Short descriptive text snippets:
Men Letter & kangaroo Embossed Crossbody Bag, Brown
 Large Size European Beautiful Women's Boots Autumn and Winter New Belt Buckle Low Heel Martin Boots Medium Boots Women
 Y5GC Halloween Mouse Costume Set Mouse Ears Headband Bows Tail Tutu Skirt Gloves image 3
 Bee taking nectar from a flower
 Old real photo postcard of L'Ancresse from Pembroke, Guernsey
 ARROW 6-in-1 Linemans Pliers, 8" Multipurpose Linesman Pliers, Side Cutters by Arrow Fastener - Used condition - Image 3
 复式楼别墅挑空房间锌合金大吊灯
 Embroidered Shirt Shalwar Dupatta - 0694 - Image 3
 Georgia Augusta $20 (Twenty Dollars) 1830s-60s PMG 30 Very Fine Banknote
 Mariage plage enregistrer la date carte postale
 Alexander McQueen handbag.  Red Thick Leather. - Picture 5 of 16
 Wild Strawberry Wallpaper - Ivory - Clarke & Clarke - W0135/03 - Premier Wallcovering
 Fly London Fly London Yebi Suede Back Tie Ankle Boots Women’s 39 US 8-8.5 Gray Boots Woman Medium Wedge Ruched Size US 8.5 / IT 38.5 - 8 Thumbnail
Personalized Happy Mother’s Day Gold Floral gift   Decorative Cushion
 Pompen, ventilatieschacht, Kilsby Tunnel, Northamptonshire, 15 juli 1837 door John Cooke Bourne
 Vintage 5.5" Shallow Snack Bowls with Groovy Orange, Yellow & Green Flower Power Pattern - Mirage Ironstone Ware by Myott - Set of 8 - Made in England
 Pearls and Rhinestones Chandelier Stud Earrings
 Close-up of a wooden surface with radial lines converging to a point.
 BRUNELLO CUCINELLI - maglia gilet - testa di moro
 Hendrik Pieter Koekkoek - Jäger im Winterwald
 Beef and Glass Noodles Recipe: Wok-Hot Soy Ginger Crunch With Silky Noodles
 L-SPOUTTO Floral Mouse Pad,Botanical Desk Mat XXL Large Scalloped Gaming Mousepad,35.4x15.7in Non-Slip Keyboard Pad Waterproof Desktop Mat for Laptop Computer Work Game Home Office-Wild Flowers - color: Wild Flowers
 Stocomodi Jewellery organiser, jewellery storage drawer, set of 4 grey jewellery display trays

**ASSIGNMENT:**
Only an exact retyping of the full data will do.

**ANSWER:**
Men Letter & kangaroo Embossed Crossbody Bag, Brown
 Large Size European Beautiful Women's Boots Autumn and Winter New Belt Buckle Low Heel Martin Boots Medium Boots Women
 Y5GC Halloween Mouse Costume Set Mouse Ears Headband Bows Tail Tutu Skirt Gloves image 3
 Bee taking nectar from a flower
 Old real photo postcard of L'Ancresse from Pembroke, Guernsey
 ARROW 6-in-1 Linemans Pliers, 8" Multipurpose Linesman Pliers, Side Cutters by Arrow Fastener - Used condition - Image 3
 复式楼别墅挑空房间锌合金大吊灯
 Embroidered Shirt Shalwar Dupatta - 0694 - Image 3
 Georgia Augusta $20 (Twenty Dollars) 1830s-60s PMG 30 Very Fine Banknote
 Mariage plage enregistrer la date carte postale
 Alexander McQueen handbag.  Red Thick Leather. - Picture 5 of 16
 Wild Strawberry Wallpaper - Ivory - Clarke & Clarke - W0135/03 - Premier Wallcovering
 Fly London Fly London Yebi Suede Back Tie Ankle Boots Women’s 39 US 8-8.5 Gray Boots Woman Medium Wedge Ruched Size US 8.5 / IT 38.5 - 8 Thumbnail
Personalized Happy Mother’s Day Gold Floral gift   Decorative Cushion
 Pompen, ventilatieschacht, Kilsby Tunnel, Northamptonshire, 15 juli 1837 door John Cooke Bourne
 Vintage 5.5" Shallow Snack Bowls with Groovy Orange, Yellow & Green Flower Power Pattern - Mirage Ironstone Ware by Myott - Set of 8 - Made in England
 Pearls and Rhinestones Chandelier Stud Earrings
 Close-up of a wooden surface with radial lines converging to a point.
 BRUNELLO CUCINELLI - maglia gilet - testa di moro
 Hendrik Pieter Koekkoek - Jäger im Winterwald
 Beef and Glass Noodles Recipe: Wok-Hot Soy Ginger Crunch With Silky Noodles
 L-SPOUTTO Floral Mouse Pad,Botanical Desk Mat XXL Large Scalloped Gaming Mousepad,35.4x15.7in Non-Slip Keyboard Pad Waterproof Desktop Mat for Laptop Computer Work Game Home Office-Wild Flowers - color: Wild Flowers
 Stocomodi Jewellery organiser, jewellery storage drawer, set of 4 grey jewellery display trays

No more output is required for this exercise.